Segment Open

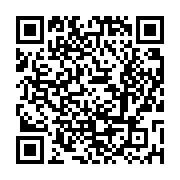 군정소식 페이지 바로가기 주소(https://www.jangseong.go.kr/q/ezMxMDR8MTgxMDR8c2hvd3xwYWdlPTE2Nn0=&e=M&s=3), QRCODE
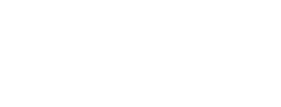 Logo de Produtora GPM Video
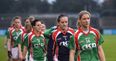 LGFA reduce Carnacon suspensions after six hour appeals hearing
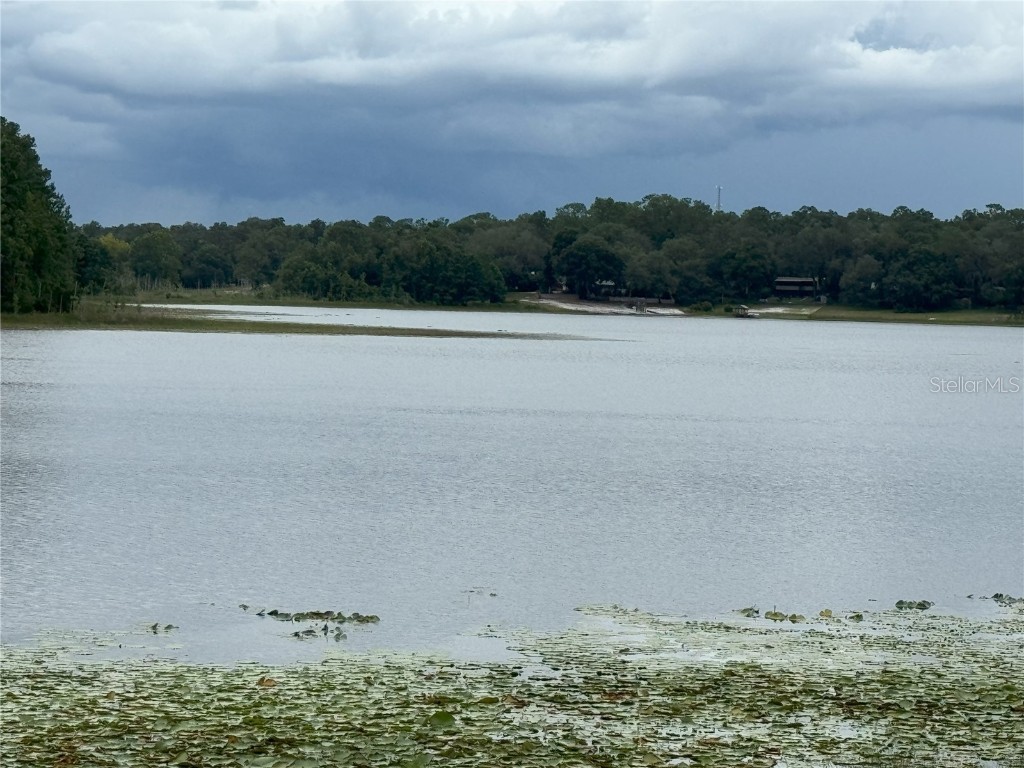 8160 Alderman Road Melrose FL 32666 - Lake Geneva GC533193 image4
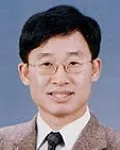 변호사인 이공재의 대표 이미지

Segment Closed
Segment Open

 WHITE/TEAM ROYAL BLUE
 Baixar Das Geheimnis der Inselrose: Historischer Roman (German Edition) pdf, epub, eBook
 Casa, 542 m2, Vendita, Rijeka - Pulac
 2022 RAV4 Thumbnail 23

Segment Closed

* What is being asked
In the data above, find the line containing "군정소식 페이지 바로가기" and the line containing "변호사인 이공재의 대표 이미지". Repeat those two lines and everything between them exactly, minus the pictures.

* Your solution
 군정소식 페이지 바로가기 주소(https://www.jangseong.go.kr/q/ezMxMDR8MTgxMDR8c2hvd3xwYWdlPTE2Nn0=&e=M&s=3), QRCODE
 Logo de Produtora GPM Video
 LGFA reduce Carnacon suspensions after six hour appeals hearing
 8160 Alderman Road Melrose FL 32666 - Lake Geneva GC533193 image4
 변호사인 이공재의 대표 이미지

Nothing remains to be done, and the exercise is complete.